[Records contained in a dataset]
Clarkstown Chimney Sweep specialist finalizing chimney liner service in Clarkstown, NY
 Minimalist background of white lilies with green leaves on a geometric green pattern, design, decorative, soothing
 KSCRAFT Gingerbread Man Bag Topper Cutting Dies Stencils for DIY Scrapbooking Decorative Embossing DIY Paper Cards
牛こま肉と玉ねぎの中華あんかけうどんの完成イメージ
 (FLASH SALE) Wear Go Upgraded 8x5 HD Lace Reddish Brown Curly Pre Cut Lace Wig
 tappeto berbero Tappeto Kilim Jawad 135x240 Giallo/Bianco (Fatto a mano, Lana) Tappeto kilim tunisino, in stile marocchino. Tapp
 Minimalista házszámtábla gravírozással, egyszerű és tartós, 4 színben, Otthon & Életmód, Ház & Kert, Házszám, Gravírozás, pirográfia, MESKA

Required action. Reproduce word for word the lines of the records above, beginning at the first and ending with the line where "(FLASH SALE) Wear" appears, and nothing past it.

Reply to the exercise.
Clarkstown Chimney Sweep specialist finalizing chimney liner service in Clarkstown, NY
 Minimalist background of white lilies with green leaves on a geometric green pattern, design, decorative, soothing
 KSCRAFT Gingerbread Man Bag Topper Cutting Dies Stencils for DIY Scrapbooking Decorative Embossing DIY Paper Cards
牛こま肉と玉ねぎの中華あんかけうどんの完成イメージ
 (FLASH SALE) Wear Go Upgraded 8x5 HD Lace Reddish Brown Curly Pre Cut Lace Wig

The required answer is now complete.